*Instructions for the task*: Line by line, print the records exactly, and keep images out of the copy.

*Data in this exercise*:
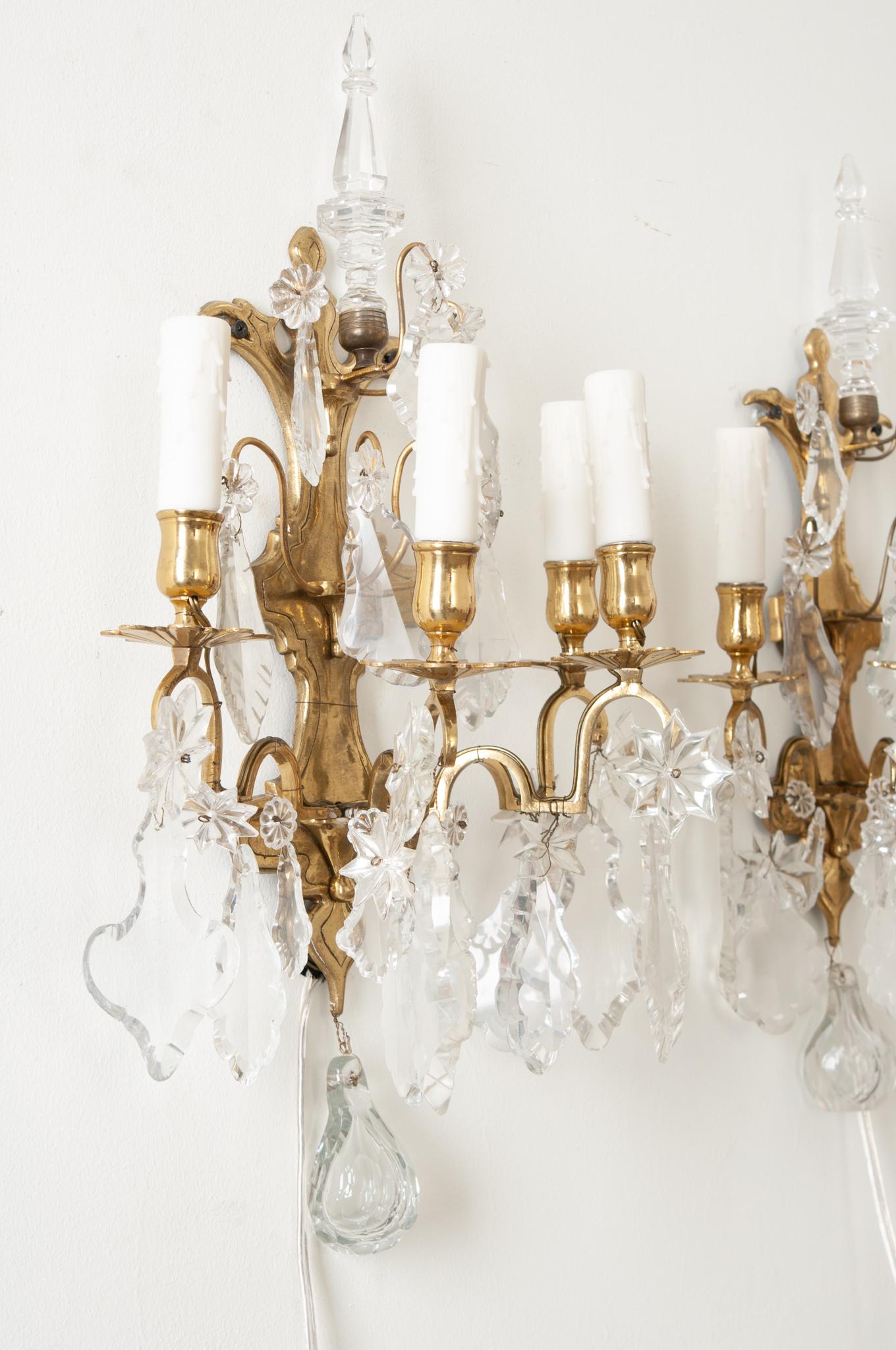 French Pair of Brass and Crystal Sconces In Good Condition For Sale In Baton Rouge, LA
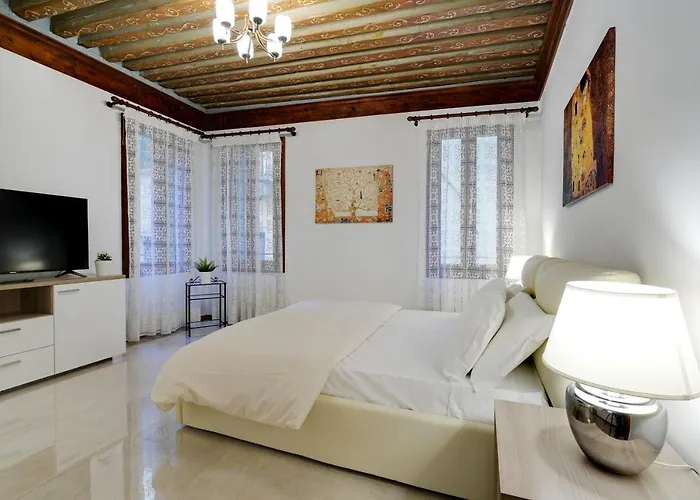 Ca' Rialto Apartment Venice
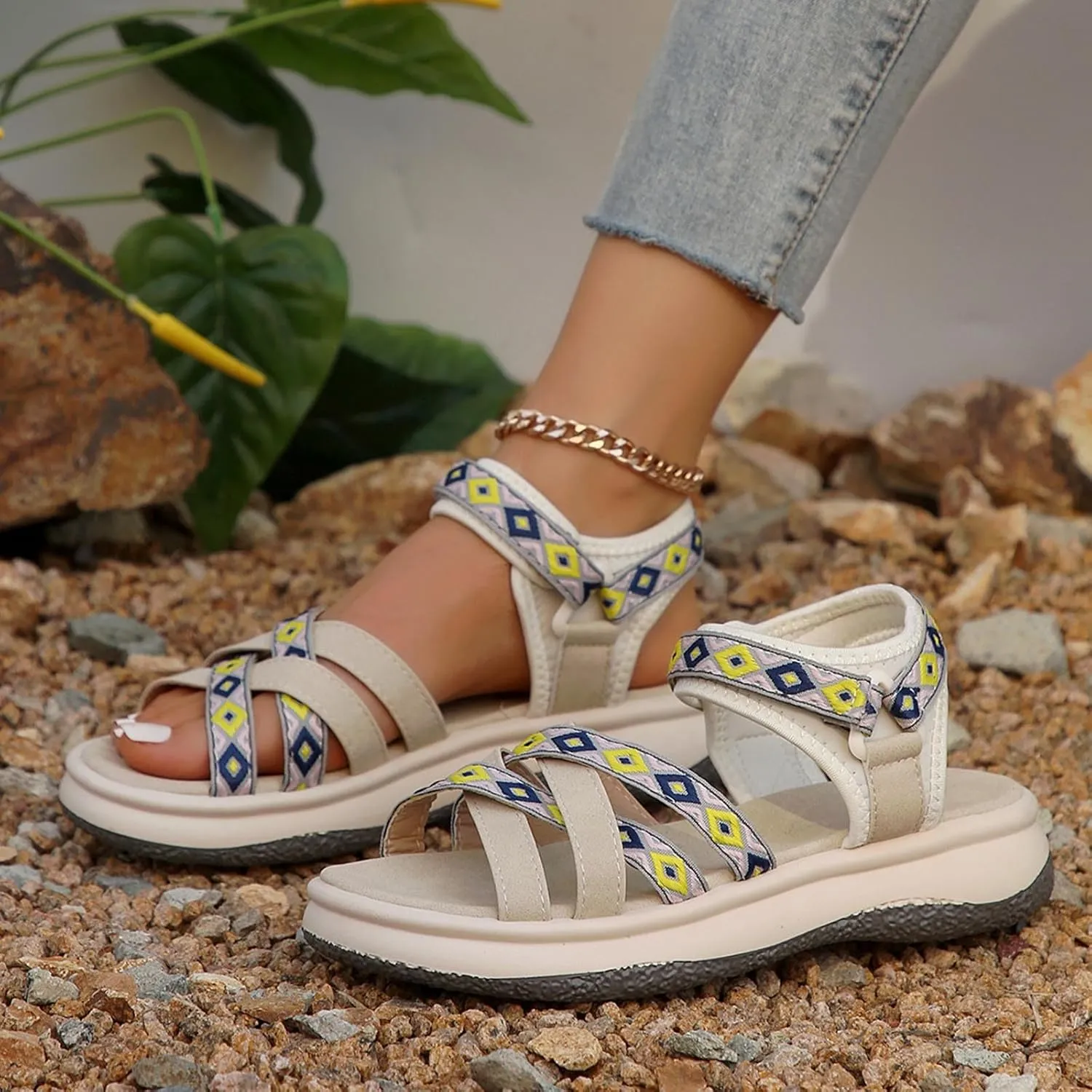 Women's Summer Ethnic Style Sandals Large Size Casual Fashion Sandals Wearable Thick Bottom Slope Heel Sandals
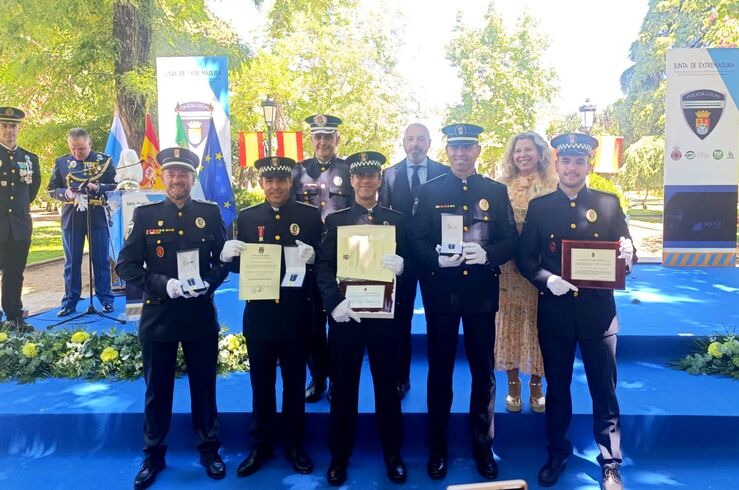 Ayuntamiento de Cáceres felicita a los policías locales reconocidos en su Día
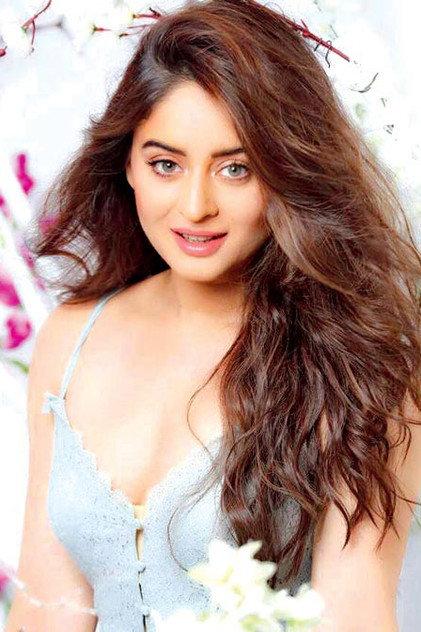 Mahhi Vij - Actor Profile Photo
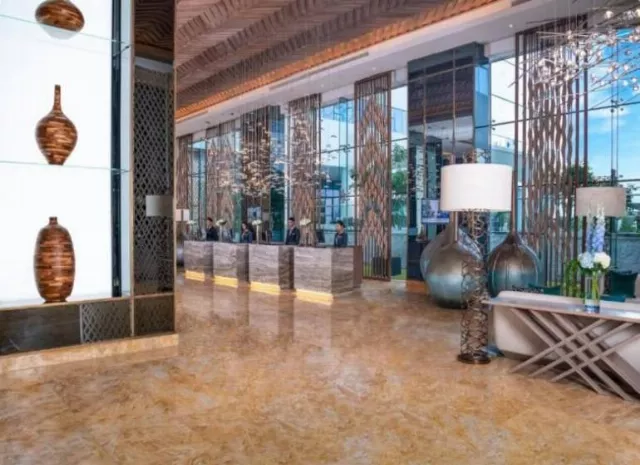 Hotel Al Jaddaf Rotana Suite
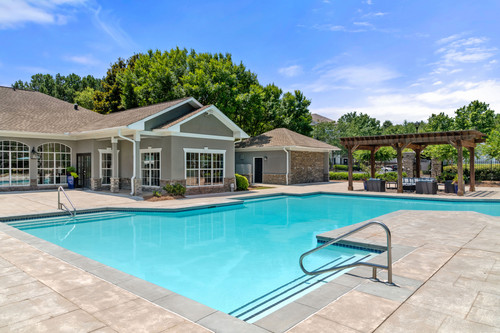 C195540 ArborPlace POOL 01 01.jpg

*Expected output*:
 French Pair of Brass and Crystal Sconces In Good Condition For Sale In Baton Rouge, LA
 Ca' Rialto Apartment Venice
 Women's Summer Ethnic Style Sandals Large Size Casual Fashion Sandals Wearable Thick Bottom Slope Heel Sandals
 Ayuntamiento de Cáceres felicita a los policías locales reconocidos en su Día
 Mahhi Vij - Actor Profile Photo
 Hotel Al Jaddaf Rotana Suite
 C195540 ArborPlace POOL 01 01.jpg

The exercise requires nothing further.